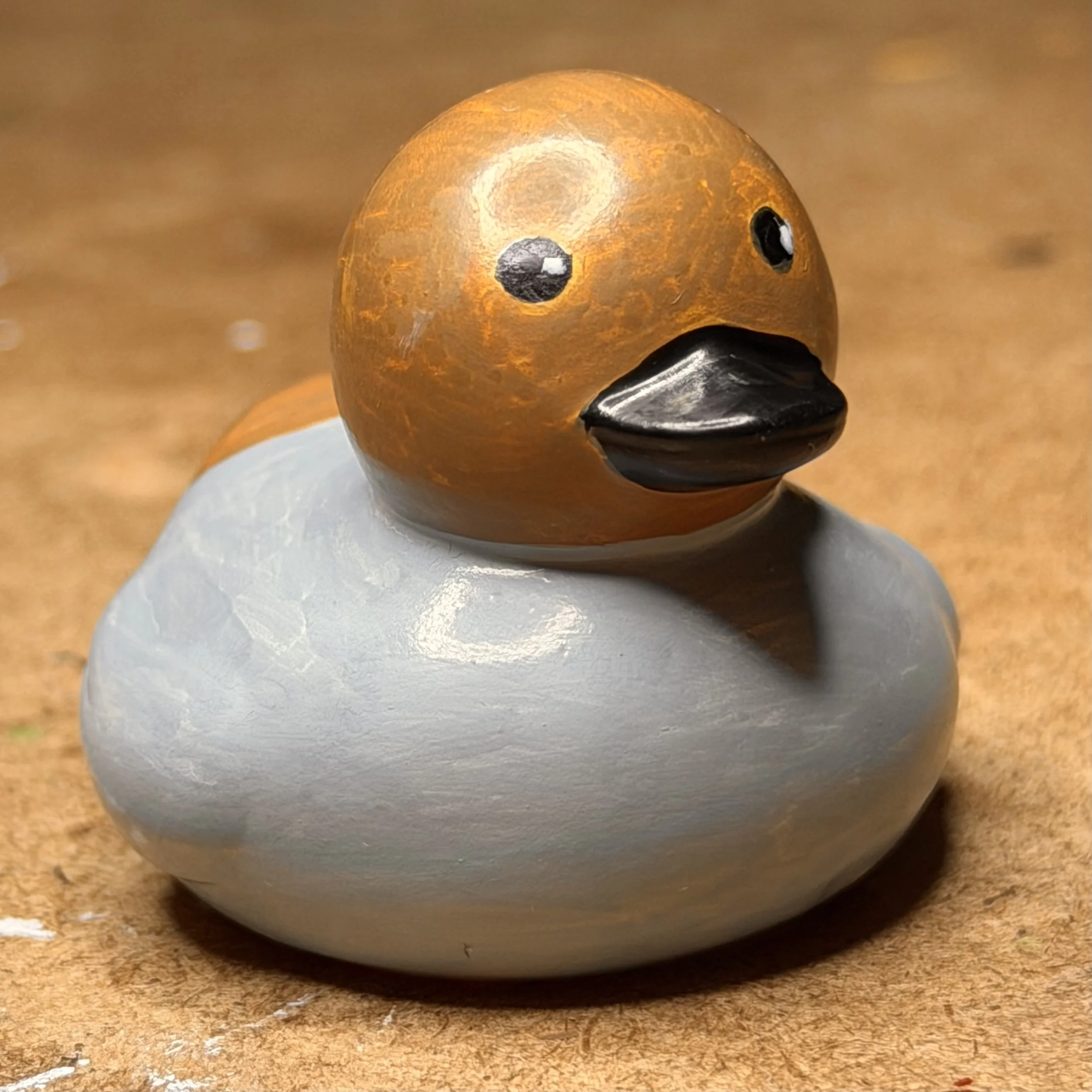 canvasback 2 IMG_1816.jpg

=====

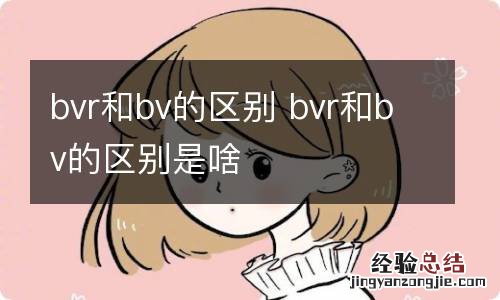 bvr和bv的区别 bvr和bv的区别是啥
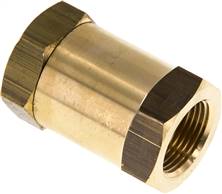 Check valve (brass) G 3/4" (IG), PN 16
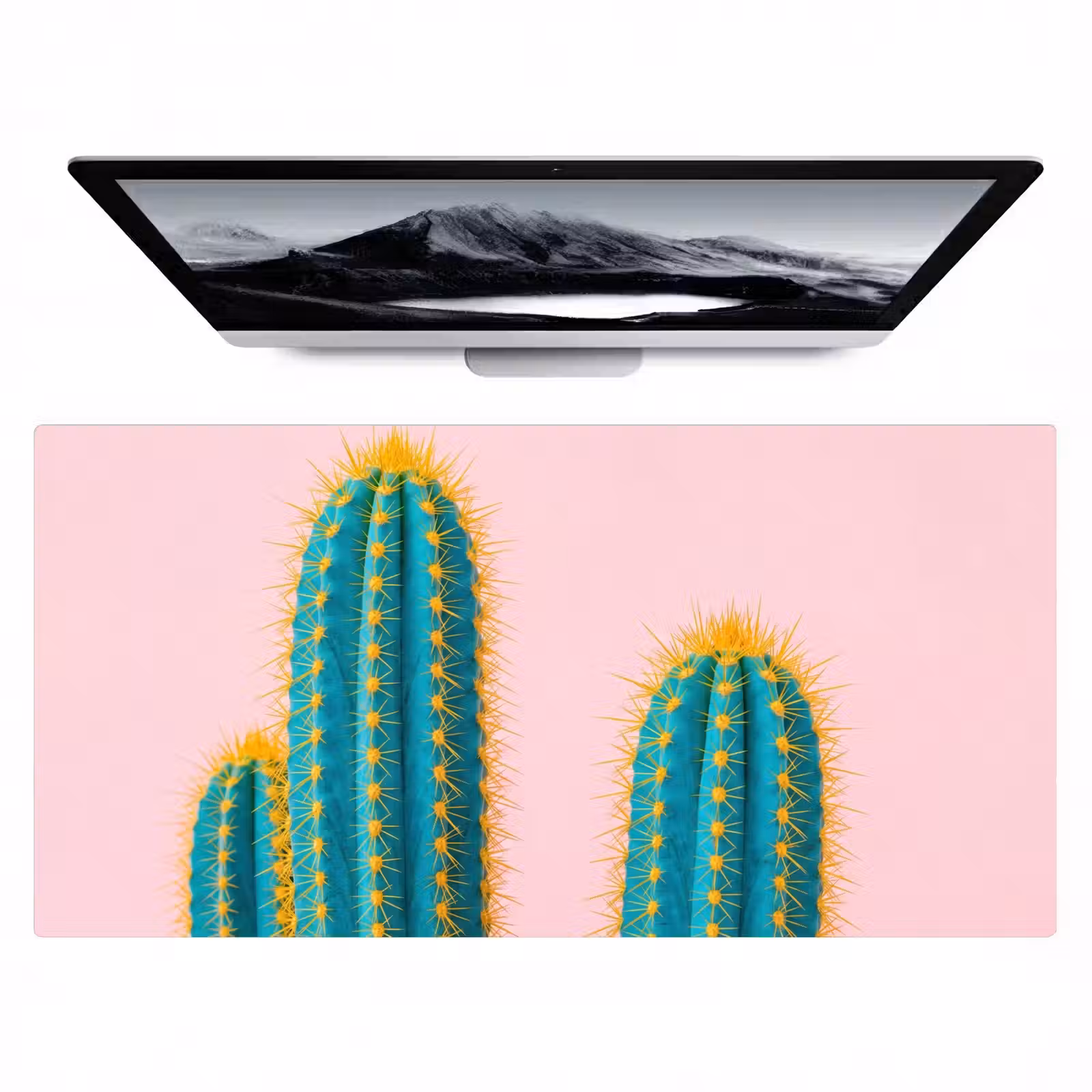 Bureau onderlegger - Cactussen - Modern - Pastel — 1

=====

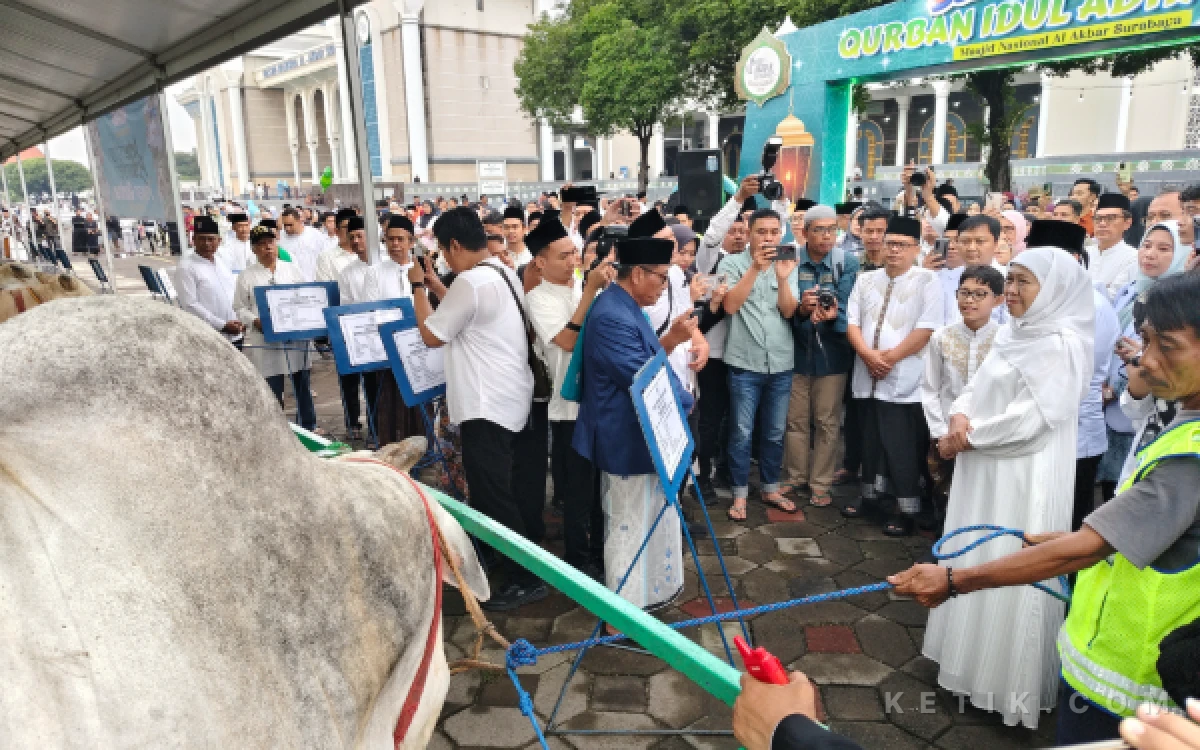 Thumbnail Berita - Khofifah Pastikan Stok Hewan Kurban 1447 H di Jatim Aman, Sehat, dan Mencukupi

=====

Print an exact copy of the lines above, from the one containing "bvr和bv的区别 bvr和bv的区别是啥" through the one containing "Bureau onderlegger - Cactussen", and leave out the pictures.

Final answer
 bvr和bv的区别 bvr和bv的区别是啥
 Check valve (brass) G 3/4" (IG), PN 16
 Bureau onderlegger - Cactussen - Modern - Pastel — 1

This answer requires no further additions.